Adrienne Rich may argue with tongue in cheek that “poetry is not a healing lotion, an emotional massage, a kind of linguistic aromatherapy,” but more important, she asserts that “when poetry lays its hand on our shoulder we are, to an almost physical degree, touched and moved,” which may be why Zagajewski so openly questions the motives of young American poets in A Defense of Ardor:
Why do young American poets pay so much attention to their immediate family and neglect a deeper reality? Why are there so many mediocre poets, whose triteness drives us to despair? Why do contemporary poets—those hundreds and thousands of poets—agree to spiritual tepidity, to those small, well-crafted, ironic jokes, to elegant, at times rather pleasant, nihilism? (141-2)

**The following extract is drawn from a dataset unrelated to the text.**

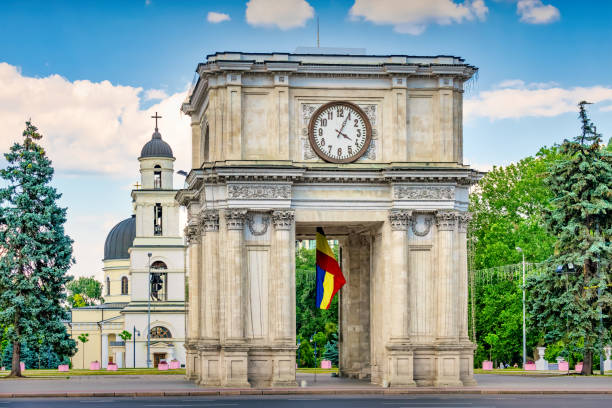 Triumphal Arch Downtown Chisinau Moldova Triumphal Arch and Nativity Cathedral in Downtown Chisinau Moldova chisinau photos stock pictures, royalty-free photos & images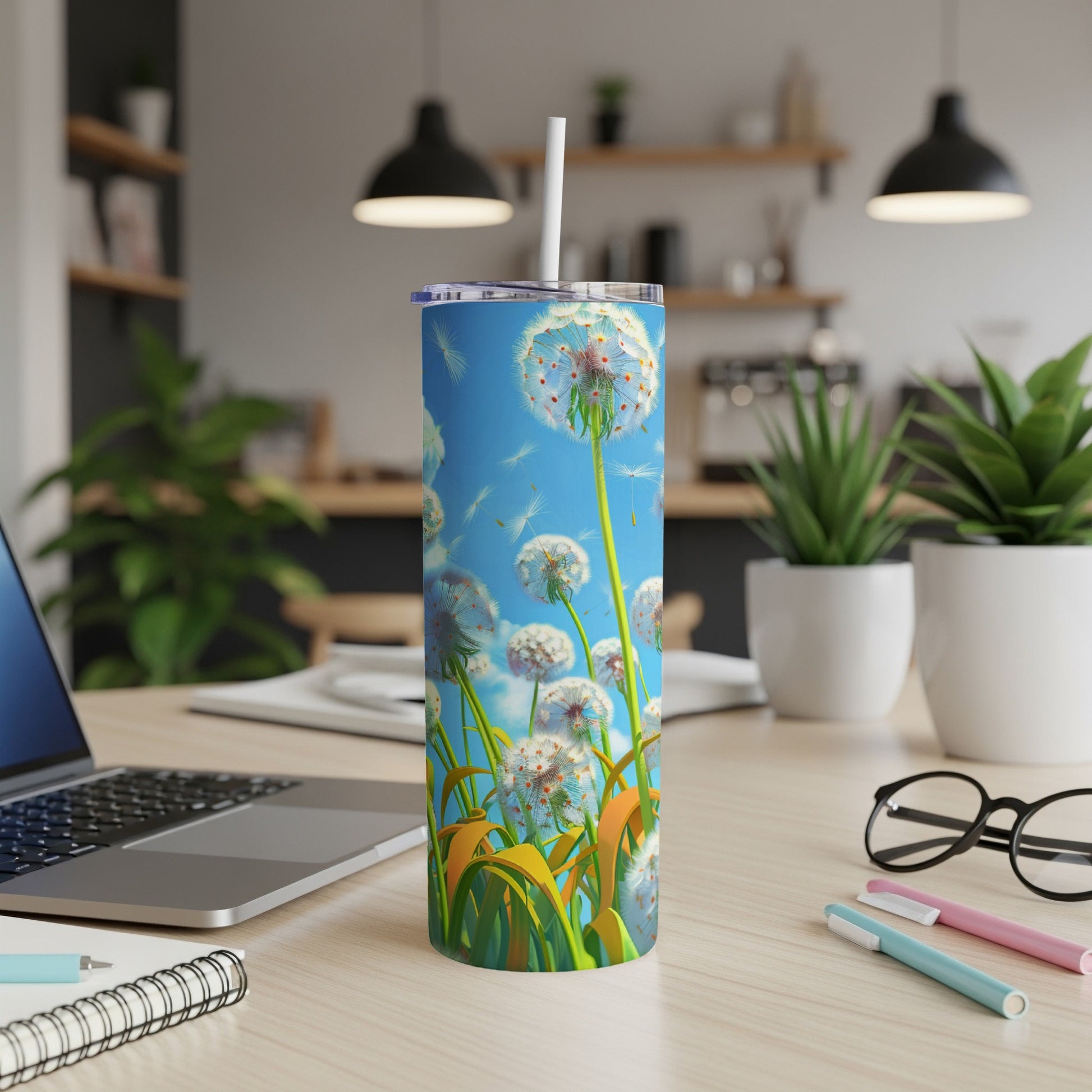 White dandelion puffs float on a blue sky above a patterned tumbler.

“Spiritual tepidity” and “ironic jokes” have seeped into some contemporary American poetry. A fairly recent issue of The Missouri Review featured Gabriel Welsch’s series of telemarketer poems in which the caller speaks to poets about their products. They are clever, at times, but ultimately disappointing in their emotional sparseness. “The Telemarketer Means to Call Baker About Erectile Dysfunction but, in a Misdial, Winds up With Simic” manages to capture Simic’s emotional directness and precise diction in which there are no excessive words, yet the joke fades fast:
Good evening, sir. I am calling you because you asked for more information about our product, Rigida, the natural erectile enhancement… I didn’t do that. Is this Mr. Baker? I should have asked that right away. So, you’re not Mr. Baker? No. Who are you? [Pause] Well, that’s not really, you know, important. I know who you are. (31)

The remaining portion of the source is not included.